# Trying to start pond snail population with no luck!?!



## grewalsb (Jun 19, 2005)

I have a 2.5 gallon tank devoted only to pond snails. In the tank I have an air stone, filter, heater (currently not necessary due to heat from light sufficient enough) and light. I have one plant, gravel and a rock as decoration if you will. When I started this out about 6 months ago, I had eggs everywhere and a snail population you wouldn't believe. However, about 3 months ago and ever since I can't seem to get a population growing for the life of me. I can get free pond snails from PetSmart on the weekends and hope some will lay eggs but never seems to happen. The tank temperature is usually between 78-80 degrees. I also just added a shell about two weeks ago for calcium according to internet searches recommending to help.

The snails are food for my dwarf puffers in my 33 gal community tank. I have six dwarf puffers, two algae eaters (plecos), three cories, one irridescent shark, one weather loach, one bumble bee goby (I know he's suppose to be brackish), two paradise fish and maybe ten ghost shrimp. About one month ago I added a new piece of driftwood which takes up just about the whole tank but has nooks and crannies everywhere and makes my tank look amazing. Multiple live plants and two diffrent sized gravel.
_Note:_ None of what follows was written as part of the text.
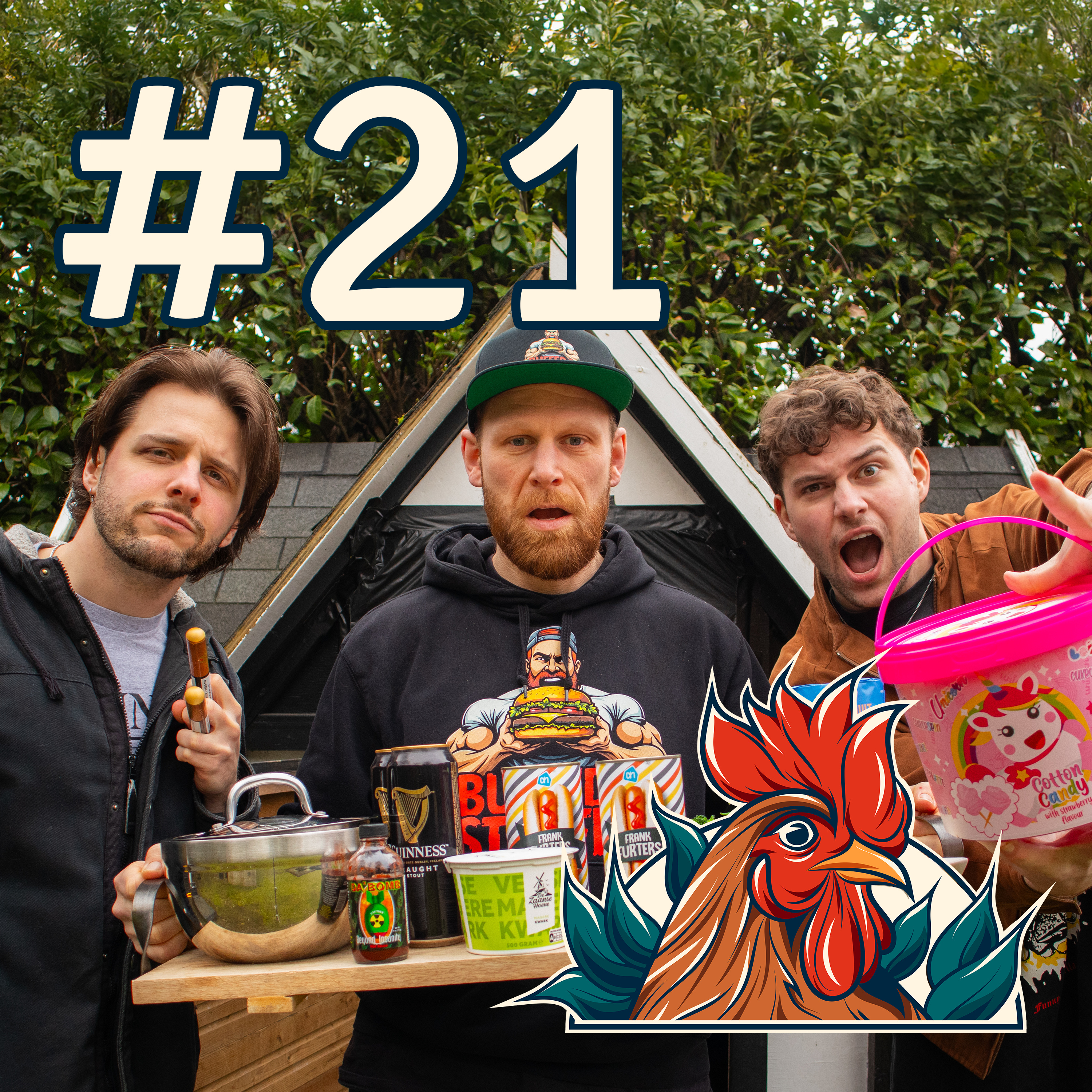 #21 Buffed & Stuffed (Foodchallenge) episode artwork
I've tried putting a whole population of snails in my community tank and hoping they latch onto the driftwood and lay eggs but no luck so far. They just seem to congregate into the filter and lay eggs there sometimes if I'm lucky.

Does anyone have any advice as to why I can't seem to get a population growing?? I've heard continually that pond snails are the easiest to populate yet somehow I can't do it. Any help at all would greatly be appreciated!!!


----------



## ijedic (Jan 18, 2005)

More plants. In my physid tanks, they have an air stone, and that's it. There's not a lot of water movement, but there are a lot of plants. Hornwart, duckweed, azolla, anacharis, foxtail. They breed like mad. I also put a pinch of ground fish flakes in a couple of times a week, and do 2x's weekly water changes of 30%.


----------



## garfieldnfish (Jan 18, 2005)

I have also a 2.5 gal pond snail tank for the Dwarf Puffers. I use neither light nor airstone nor a filter, but change out the water 100% twice a week. During that time I remove the plants (just floating plants, and java fern that sinks to the bottom but is not attached to anything), other then that I have nothing in the tank. Most snails are on the plants and I put those in a tubberware dish with fresh water. Then I drain the entire tank and refill with fresh water. I add liquid calcium, and a few drops of iodine to the tank and return the plants and snails. I feed them lots of veggies and fishfood, which without airstone and filter clouds the water, hence the many water changes, but I have no shortage of snails.
My applesnails have also given me 3 egg clusters during the past two months. The first one hatched and I kept the 50+ snails so far. The other two clusters are still developing. I am tempted to use them for puffer food. I can't handle another 100+ sails. LOL.


----------



## drosera (Feb 2, 2005)

*pond snails*

Pond snails are super easy to raise. I have to wonder what species you might be talking about when you mention them. If they really are typical pond snails, there could be a food issue, as stated. But even then, it takes a lot for them to starve, as they will eat almost anything.

Another possible reason is soft water with a very low pH. Water with insufficient minerals will erode the shells of the snails, killing them in time. I've seen this happen in my tanks a couple of times. 

Good luck.

Chris


----------